And we back. Welcome to Data Science Some Days. A series where I go through some of the things I’ve learned in the field of Data Science.
For those who are new… I write in Python, these aren’t tutorials, and I’m bad at this.
Today, we’re going to go talk about Pipelines – a tool that seems remarkably helpful in reducing the amount of code needed to achieve an end result.
Why pipelines?
When creating a basic model, you need a few things:
- Exploratory Data Analysis
- Data cleaning and sorting
- Predictions
- Testing
- Return to number one or two and repeat.
As you make different decisions with your data, the more complex the information, the easier it might be to miss a step or simply forget the steps you’ve made! My first model involved so many random bits of code. If I had to reread it, I’d have no idea what I wanted to do. That’s even with comments.

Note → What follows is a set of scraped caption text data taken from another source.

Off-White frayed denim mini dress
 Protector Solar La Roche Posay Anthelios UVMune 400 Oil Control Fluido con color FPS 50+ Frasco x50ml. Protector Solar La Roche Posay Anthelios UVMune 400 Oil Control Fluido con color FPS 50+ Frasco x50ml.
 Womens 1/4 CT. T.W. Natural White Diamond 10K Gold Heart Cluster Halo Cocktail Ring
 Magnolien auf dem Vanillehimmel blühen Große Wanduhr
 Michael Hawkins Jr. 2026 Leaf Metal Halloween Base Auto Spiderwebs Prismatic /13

Pipelines help combine different steps into smaller amounts of code so it’s easier. Let’s take a look at what this might look like.
The data we have to work with
As we may know, the data we work with might have many different types of data. Within the columns, they may also have missing values everywhere. From the previous post, we learned that’s a no go. We need to fill in our data with something.
test_dataset.isna().sum()
pickles 100
oats 22
biscuits 15
bananas 0
Alright, a bunch of missing values, let’s see what data type they are.
test_dataset.dtype
pickles int64
oats object
biscuits object
bananas int64
We have numbers (int64) and strings (object – not strictly just strings but we’ll work with this).
So we know that we have to fill in the values for 3 of the 4 columns we have. Additionally, we have to do this for different kinds of data. We can utilise a Simple Imputation and OneHotEncoder to do this. Let’s try to do this in as few steps as possible.
Creating a pipeline
#fills missing values with the mean across the column when applied to dataset
numerical_transformer = SimpleImputer(strategy="mean")
# replaces the categorical columns with a number (1 for yes, 0 for no) when applied to dataset
categorical_transformer = Pipeline(steps=[
('imputer', SimpleImputer(strategy='constant')),
('onehot', OneHotEncoder(handle_unknown='ignore'))])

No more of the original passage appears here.